Na obserwację do Szpitala dla Nerwowo i Psychiatrycznie Chorych im. Babińskiego w Łodzi skierował go lekarz z Piotrkowa Trybunalskiego. Patryk był nadpobudliwy. Na oddział dziecięcy trafił zaraz po zakończeniu roku szkolnego.

Miał tu być zdiagnozowany. Badania lekarskie zamieniły się jednak w horror, o którym Patryk nie zdoła zapomnieć do końca życia. Niewinne dziecko stało się ofiarą kilku starszych chłopaków, także pacjentów szpitala psychiatrycznego. Ośmiolatek był przez nich wielokrotnie gwałcony, zmuszany do seksu oralnego oraz bity.

17 lipca mama chłopca odebrała telefon z łódzkiego szpitala.

- Proszę jak najszybciej przyjechać po swoje dziecko - usłyszała kobieta w słuchawce.

Pani Marzena wsiadła w samochód i przerażona pognała do Łodzi. W szpitalu usłyszała, że z Patrykiem były "pewne problemy".

- Nie wiemy, jak pani to odbierze, ale pani synowi przydarzyły się pewne kłopoty na tle seksualnym - bardzo spokojnie poinformował ją lekarz.

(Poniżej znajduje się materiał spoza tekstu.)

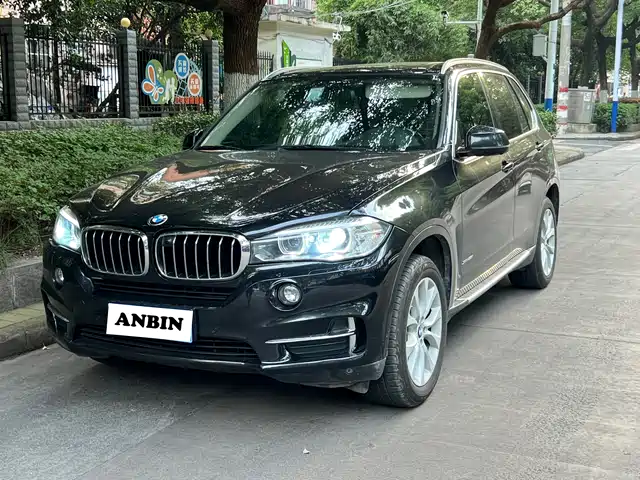 BMW X 5 2018 x Drive 28i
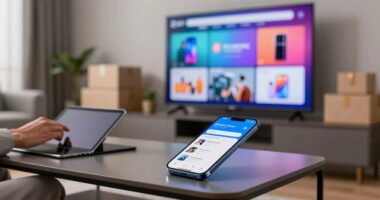 setting new shopping standards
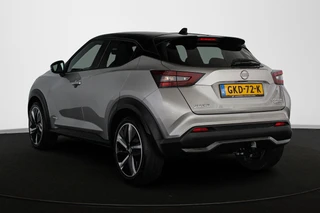 Nissan Juke 1.6 Hybrid N-Design Automaat Trekhaak Stoelverwarming Keyless / 5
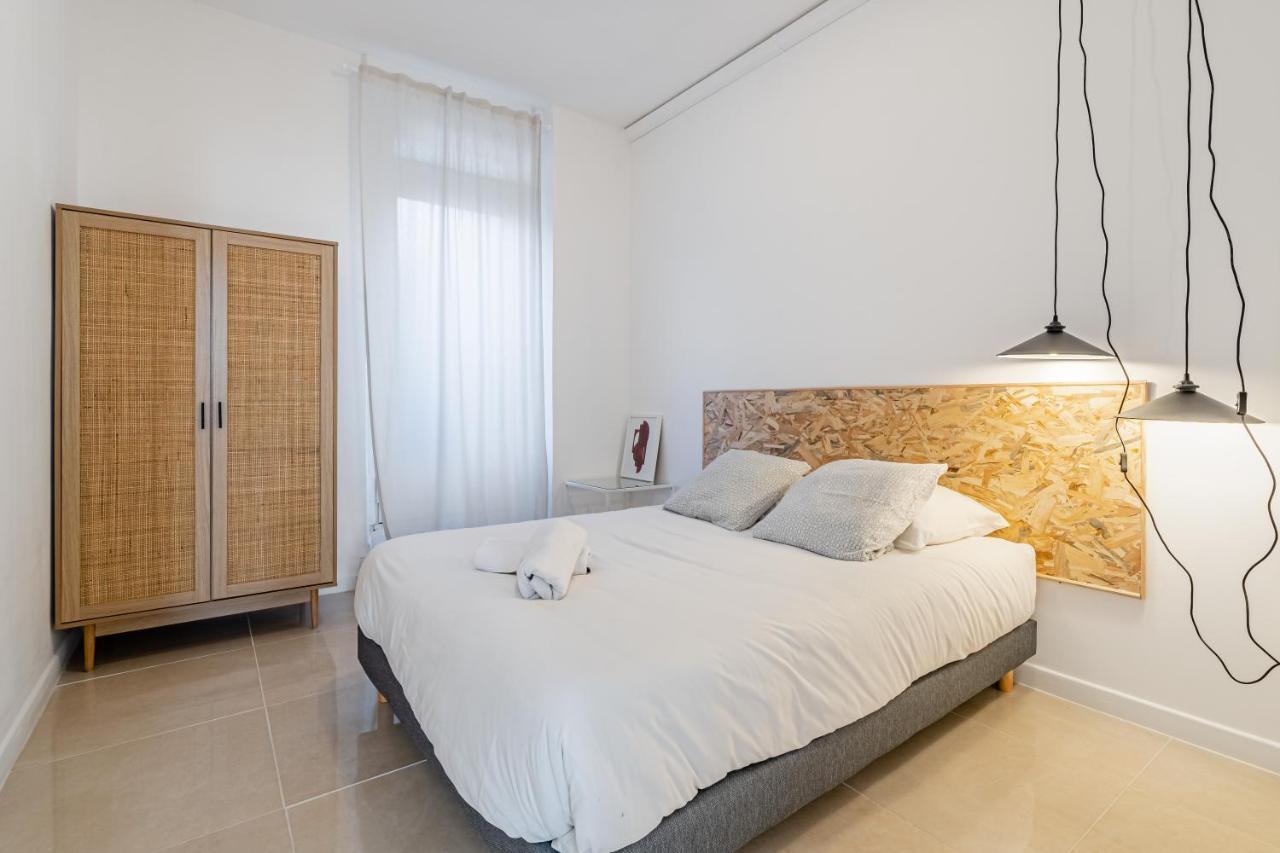 Le Borely: Appartement Climatise Avec 2 Chambres, A 800M De La Plage Marseille Bagian luar foto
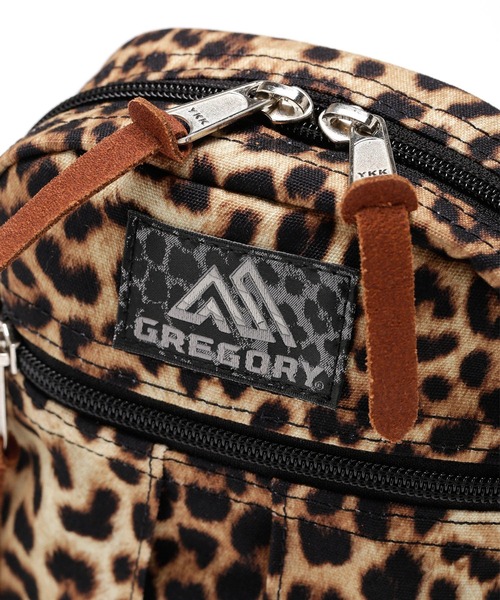 GREGORY（グレゴリー）の「GREGORY/クイックポケットＭ（ショルダーバッグ・メンズ・その他1・FREE）」の8枚目の写真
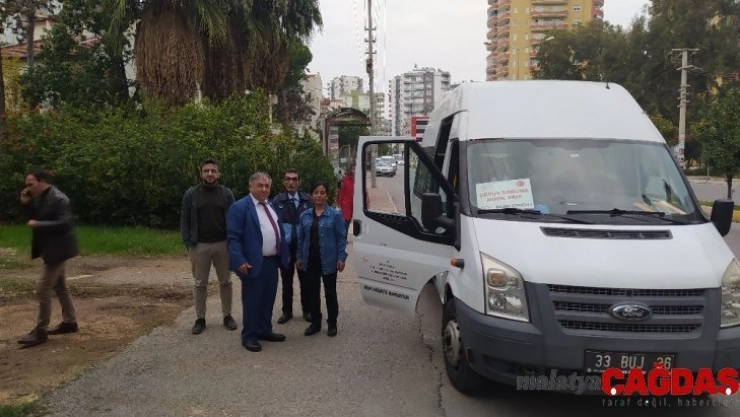 Mersin'de çocuk işçiliği ile mücadele çalışmaları
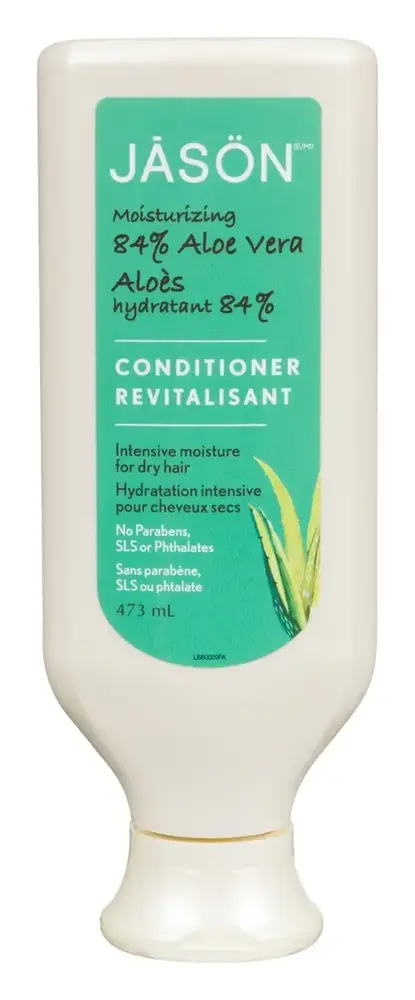 Jāsön Naturals Moisturizing 84% Aloe Vera Conditioner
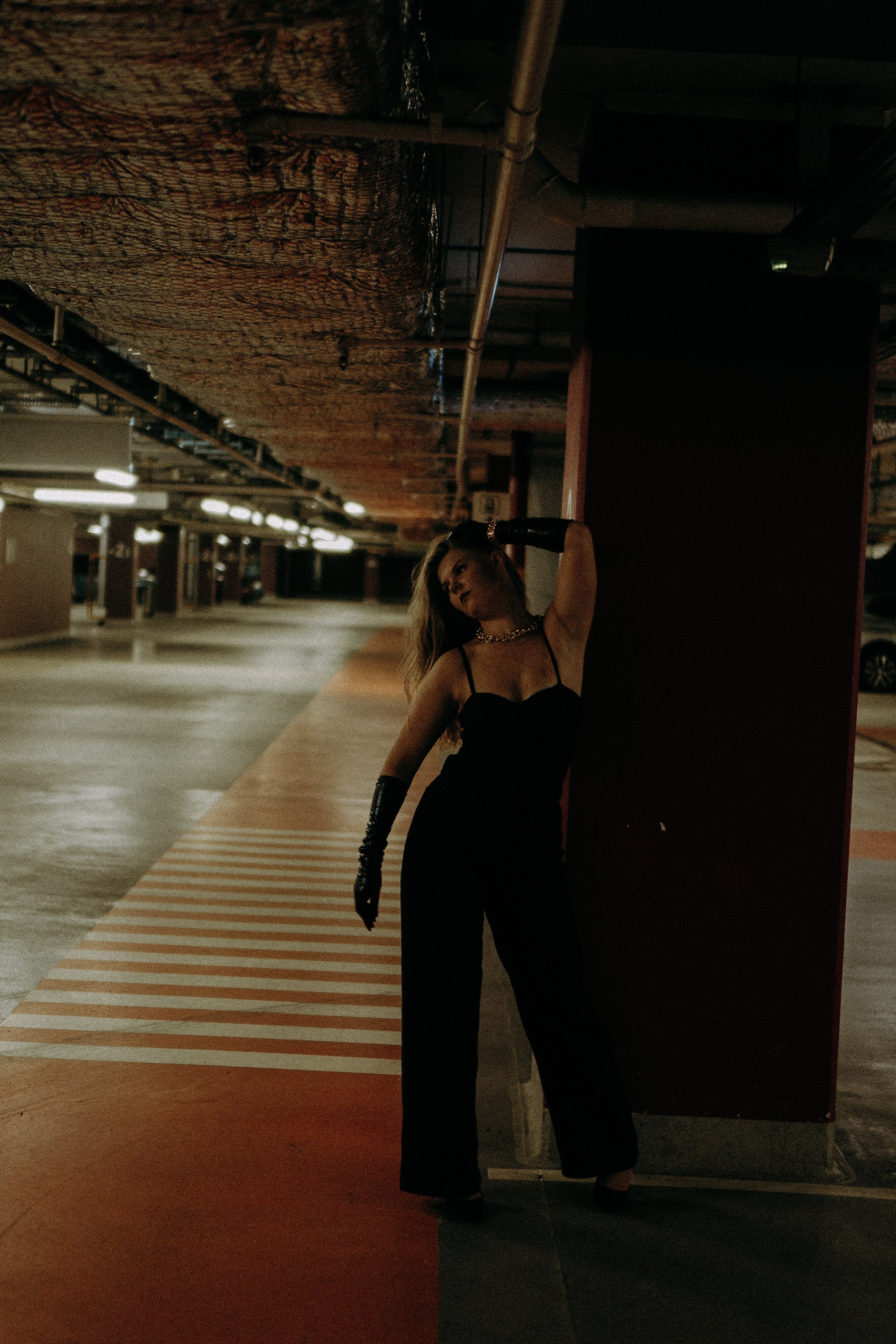 НА ПАРКОВКЕ. Профессиональный фотограф, Санкт-Петербург — Виктория Богомолова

Gdy zaczęła pytać o szczegóły, usłyszała przerażającą prawdę. Jej synek był gwałcony i bity przez innych pacjentów oddziału dziecięcego. Jak to możliwe, że lekarze nie zareagowali od razu? Na to pytanie roztrzęsiona kobieta nie dostała odpowiedzi.

- Mówili mi, że o całej sprawie nikt nie powinien się dowiedzieć, bo Patryczek mógł się zarazić wirusem HIV, a to dla szpitala byłby straszliwy cios - opowiada łamiącym się głosem Marzena Biernacka (26 l.).

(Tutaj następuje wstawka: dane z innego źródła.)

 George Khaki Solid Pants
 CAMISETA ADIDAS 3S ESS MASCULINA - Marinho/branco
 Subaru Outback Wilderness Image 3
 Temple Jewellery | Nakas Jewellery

Kochająca matka czym prędzej zabrała synka ze szpitala. - Długo biłam się z myślami. W końcu zawiadomiłam policję o przestępstwie - opowiada. Wszczęto śledztwo. Z obdukcji lekarskiej wynika, że Patryk miał na ciele siniaki, poraniony odbyt oraz wybity ząb.

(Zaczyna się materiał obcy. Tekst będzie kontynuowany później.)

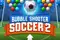 Bubble Shooter Soccer 2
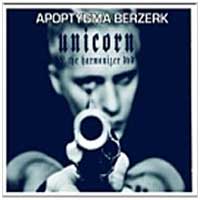 Apoptygma Berzerk: UNICORN + HARMONIZER CD & DVD (Reissue + Bonus Tracks) - Click Image to Close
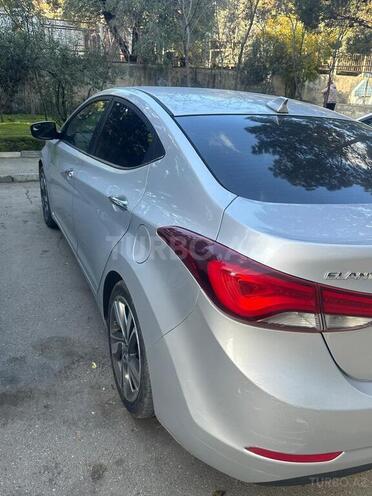 Hyundai Elantra 2013, 500,000 km - 1.8 l - Bakı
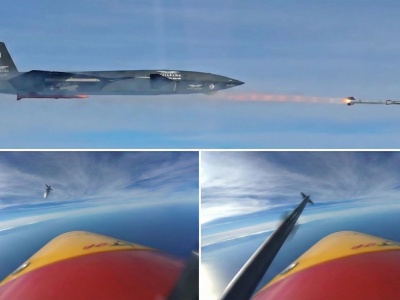 Turcja: Bezzałogowy Bayraktar Kızılelma zestrzelił cel powietrzny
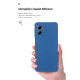 Чохол ArmorStandart ICON для Motorola G14 Camera cover Dark Blue (ARM70474)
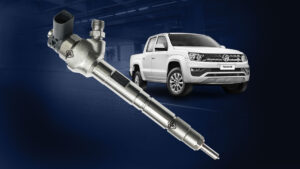 Injetor Amarok 2.0 Remanufaturado 0445110646 TW Diesel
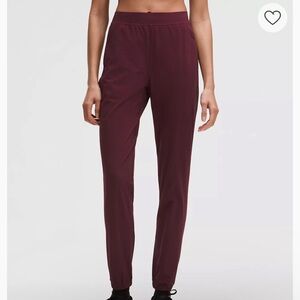 lululemon Adapted State High-Rise Jogger Regular Large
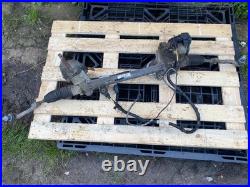Jaguar Xe X760 Electric Power Steering Rack Fully Complete With Motor Hx733200db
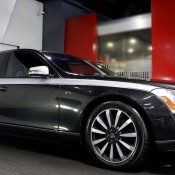 Maybach 57S Edition 125 5 175x175 at Maybach 57S Edition 125 Spotted for Sale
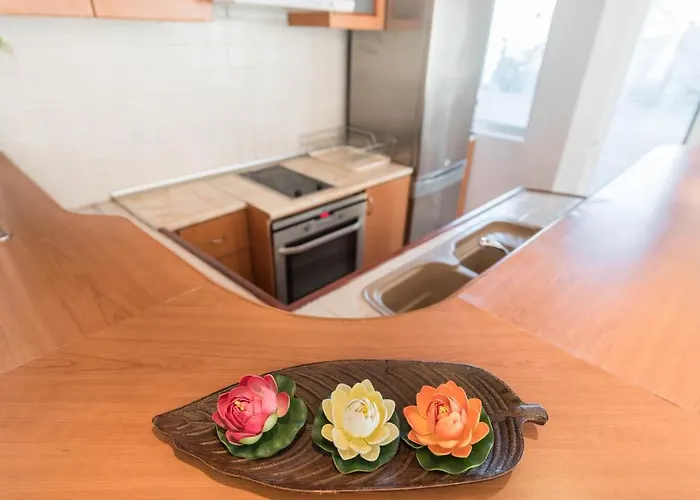 White Elegance Center Apartament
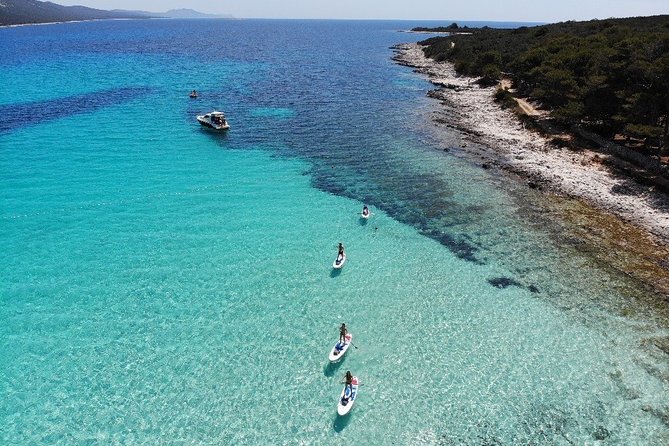 Full-Day Tour in Dugi Otok With Stand-Up Paddle Experience - Inclusions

- Ten ząb Patryk stracił, gdy zmuszano go do seksu oralnego - mówi mama skrzywdzonego dziecka, z trudem powstrzymując łzy.

Pani Marzena nie może darować pracownikom szpitala, że choć wiedzieli o przestępstwie, nie zawiadomili policji, a gdy ruszyło śledztwo, zasłaniali się tajemnicą lekarską.

- Śledztwo wszczęliśmy na wniosek mamy chłopca - przyznaje Joanna Kącka (34 l.) z Komendy Wojewódzkiej Policji w Łodzi. - To prawda, że podczas przesłuchania lekarz zasłaniał się tajemnicą lekarską.

Chcieliśmy o sprawie porozmawiać z ordynatorem oddziału dziecięcego, Renatą T. (55 l.). Ona też powoływała się na tajemnicę lekarską. - Lepiej nie robić szumu wokół tej sprawy - stwierdziła sucho i wyprosiła nas.